▽

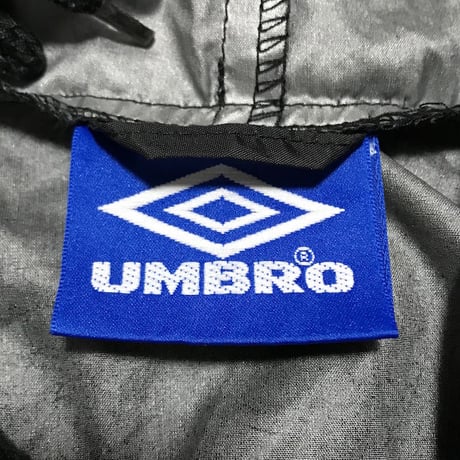 【USED】00'S UMBRO OVERSIZED NYLON HOODIE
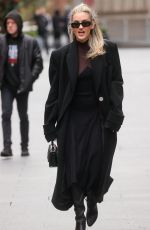 ASHLEY ROBERTS Leaves Heart Radio in London 12/18/2024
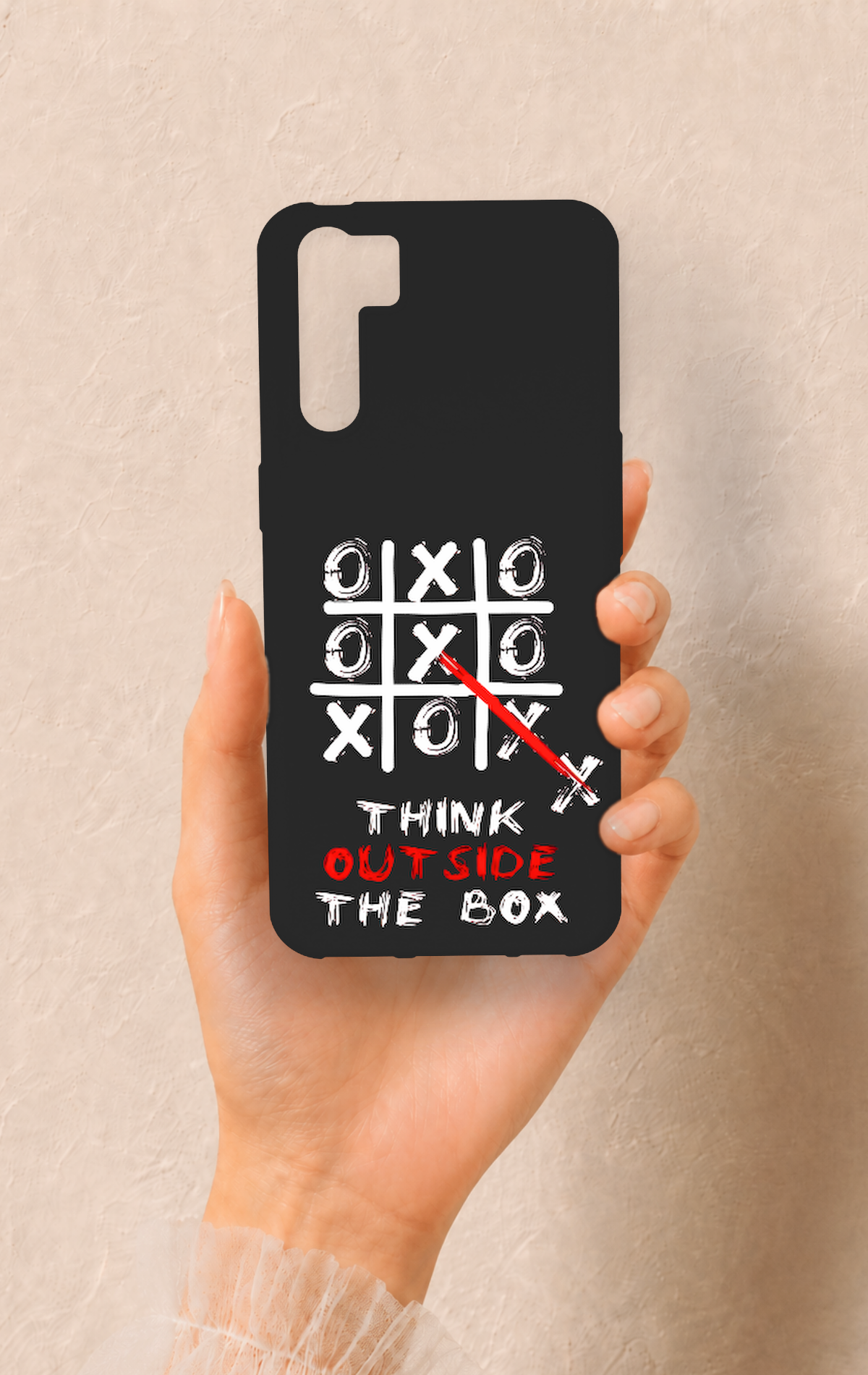 Oppo A91 Uyumlu Out Side The Box Desenli Silikon Kılıf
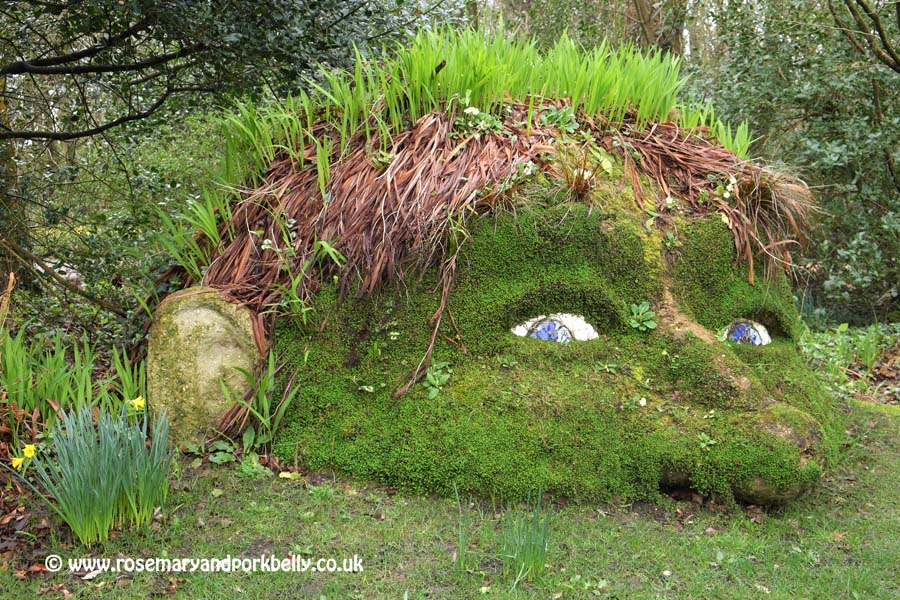 The Giants Head - Lost Gardens of Heligan Cornwall
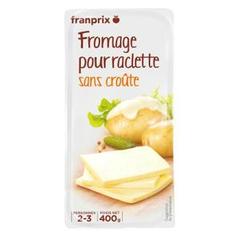 Franprix fromage à raclette sans croûte 400g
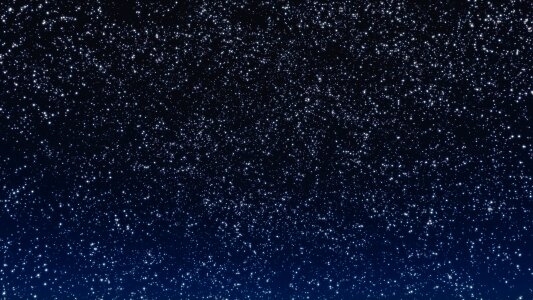Starry sky star background photo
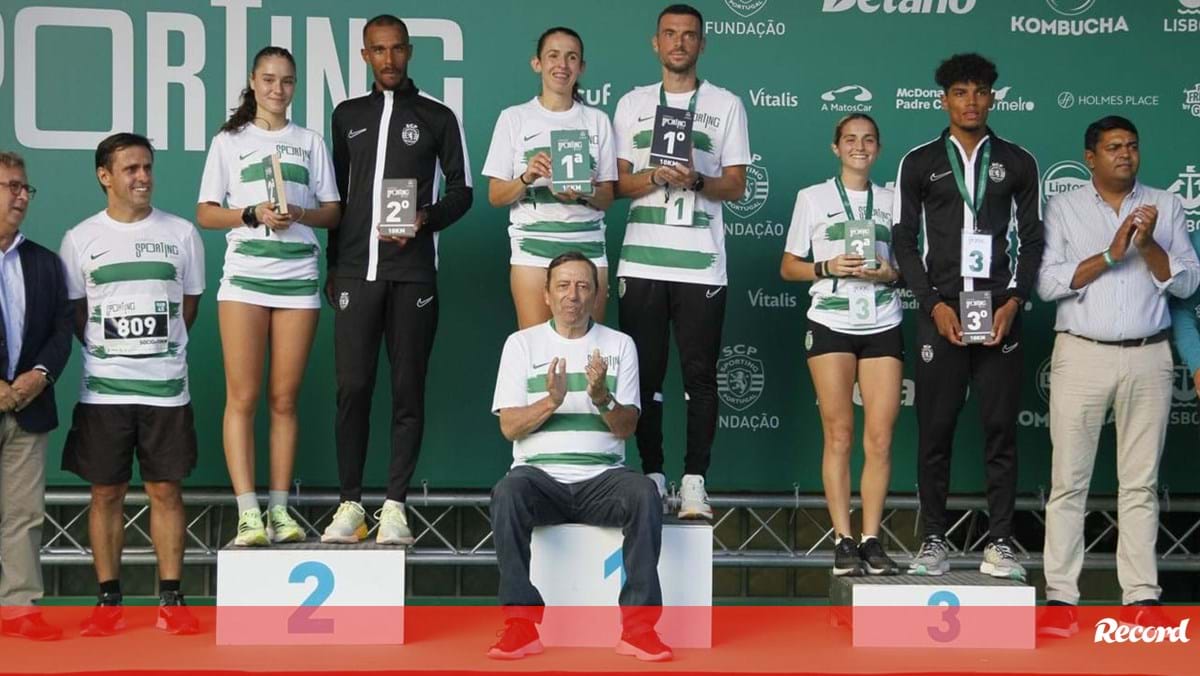 Ambiente de festa e homenagem a Fernando Mamede na Corrida do Sporting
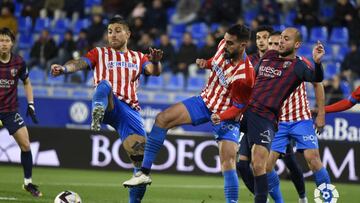 Helador empate en El Alcoraz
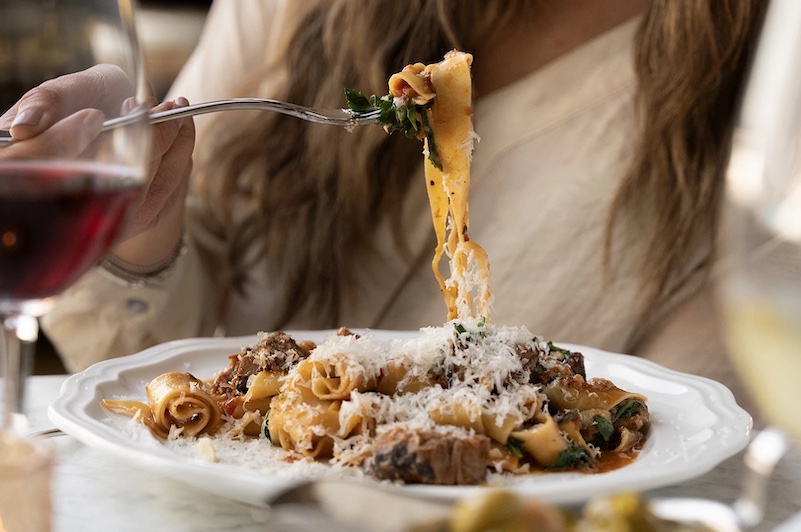 Pappardelle Lamb Ragu at Oro at the Mining Exchange Hotel in Colorado Springs.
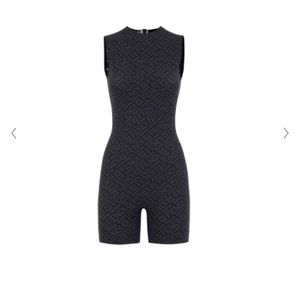Fendi x Skims sleeveless mid thigh bodysuit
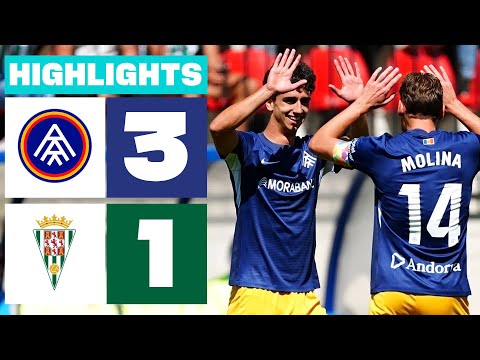 FC ANDORRA 3 - 1 CÓRDOBA CF | RESUMEN LALIGA HYPERMOTION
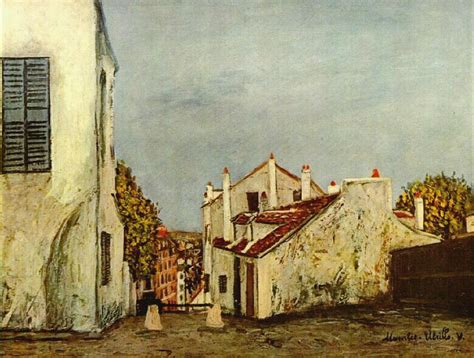 Houses In Montmartre Maurice Utrillo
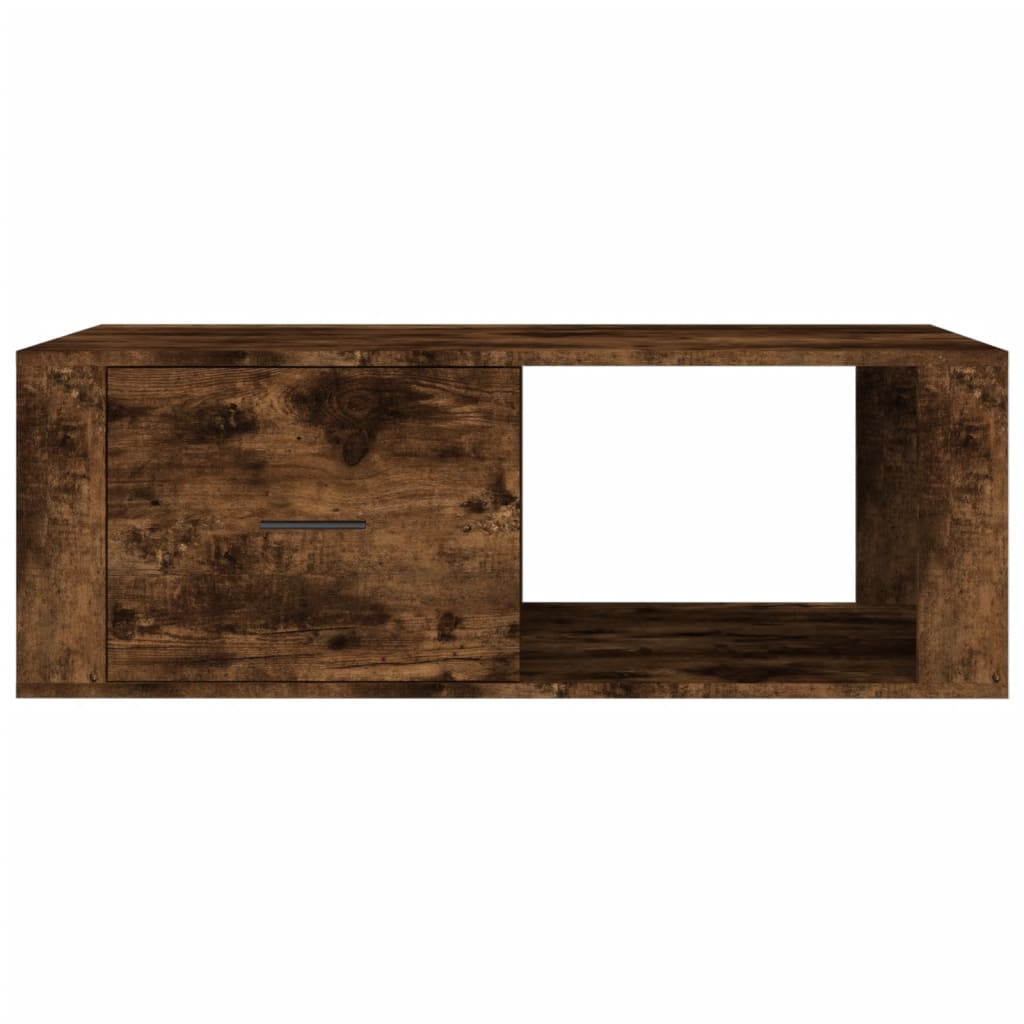 Salongbord røkt eik 100x50,5x35 cm konstruert tre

△

Aim of the task: Copy exactly the part of the material above that opens with the line containing "The Giants Head" and closes with the line containing "Helador empate en El Alcoraz", ends included. Drop the images.

Exercise solution:
 The Giants Head - Lost Gardens of Heligan Cornwall
 Franprix fromage à raclette sans croûte 400g
Starry sky star background photo
 Ambiente de festa e homenagem a Fernando Mamede na Corrida do Sporting
 Helador empate en El Alcoraz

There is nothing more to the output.